# New Traynor acoustic amp?



## Merlin (Feb 23, 2009)

Looks rather like their take on a Fishman Loudbox Mini. It was sitting in the acoustic room at L&M Brampton, no price tag. It does have a sticker indicating it's a prototype.


----------



## Mooh (Mar 7, 2007)

Interesting. 

My older Traynor AM150 is on consignment at the local mom'n'pop, so I've been using a small Ibanez Troubadour or Yamaha Stagepas PA instead, for the desired weight relief. 

I generally like Traynor amps so thanks for the heads up.


----------



## Wardo (Feb 5, 2010)

Maybe they are moving toward a new line.

Looks like they discontinued the Acoustic Master Custom 225 which is too bad if they did.

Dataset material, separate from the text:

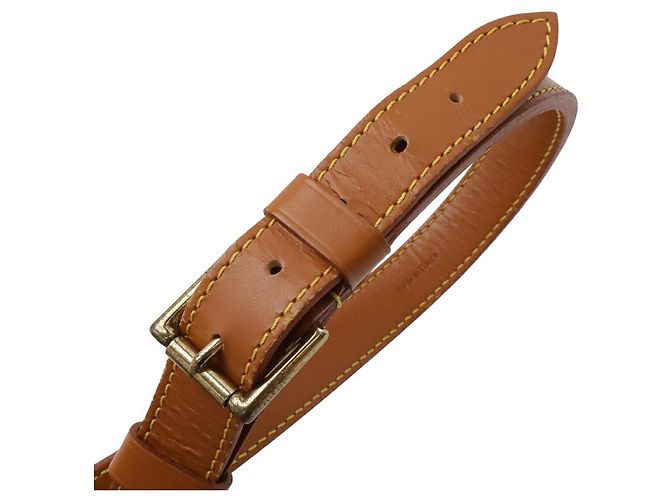 Louis Vuitton Epi Schultertasche Braun - Ansicht 6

Says no longer available on L&M; glad I got one when I did.


----------



## jb welder (Sep 14, 2010)

Is this it?
Traynor Amps


----------



## sulphur (Jun 2, 2011)

$469 list @ L&M... Traynor - 65 Watt Acoustic Amp w/Effects

Not bad considering I spent a good bit more on that for a Roland a few years ago.
The Roland was a nice amp, but I just didn't use it enough and traded it off.

I like the look of that AM Mini.


----------